--- AIM OF THE TASK ---
Repeat each entry word for word. Leave any images out of the copy.

--- INPUT RECORDS ---
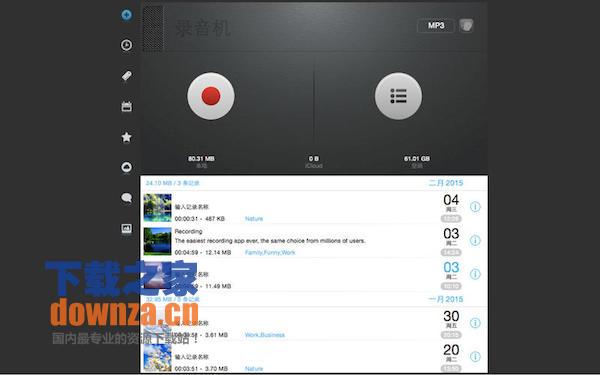 录音机Pro Mac版
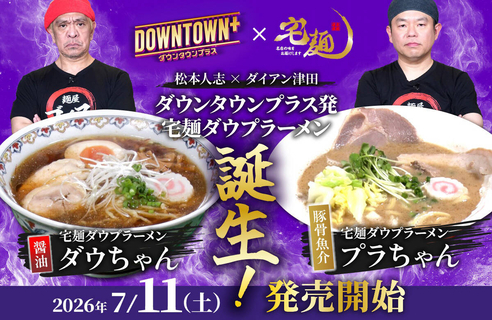 松本人志＆ダイアン・津田篤宏のアイデア元に完成　「ＤＯＷＮＴＯＷＮ＋」×宅麺．ｃｏｍ限定ラーメンを販売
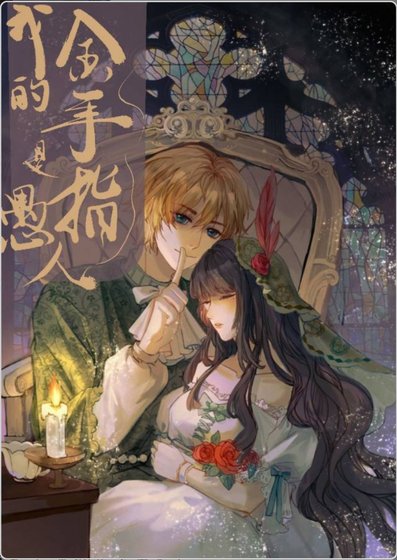 （综同人）[无限]我的金手指是愚人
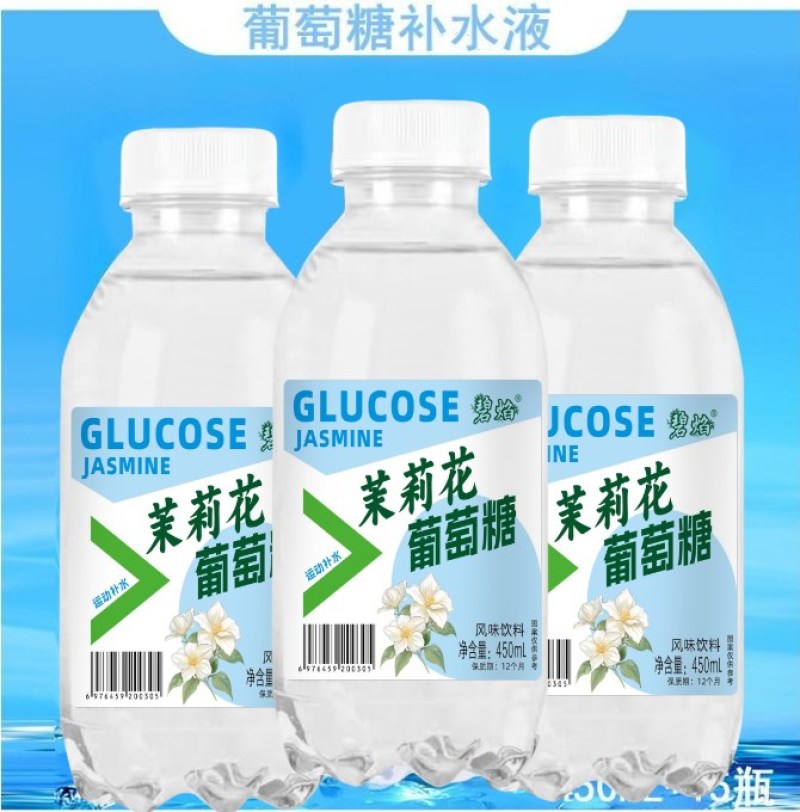 茉莉葡萄糖补水液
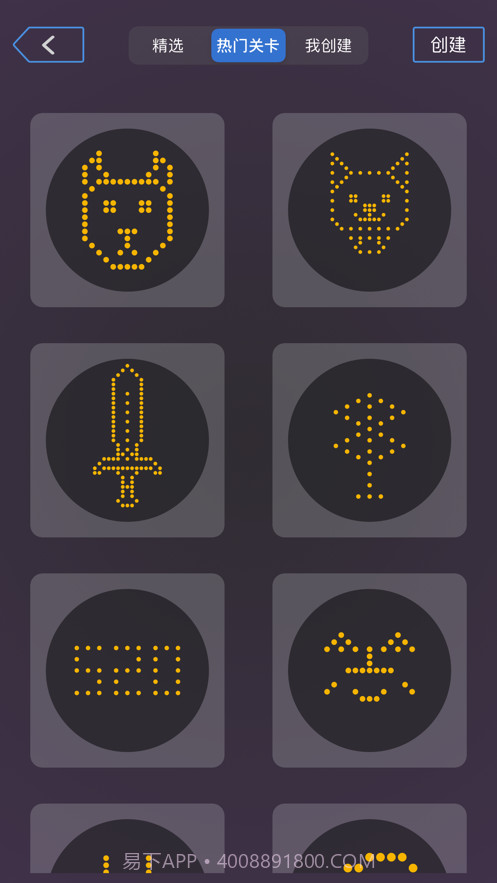 时光刺客截图3 时光刺客截图3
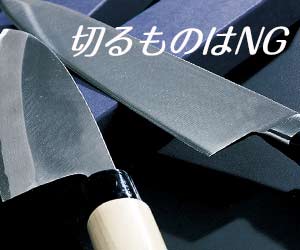 包丁やナイフはNG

--- WRITTEN ANSWER ---
 录音机Pro Mac版
 松本人志＆ダイアン・津田篤宏のアイデア元に完成　「ＤＯＷＮＴＯＷＮ＋」×宅麺．ｃｏｍ限定ラーメンを販売
 （综同人）[无限]我的金手指是愚人
 茉莉葡萄糖补水液
 时光刺客截图3 时光刺客截图3
 包丁やナイフはNG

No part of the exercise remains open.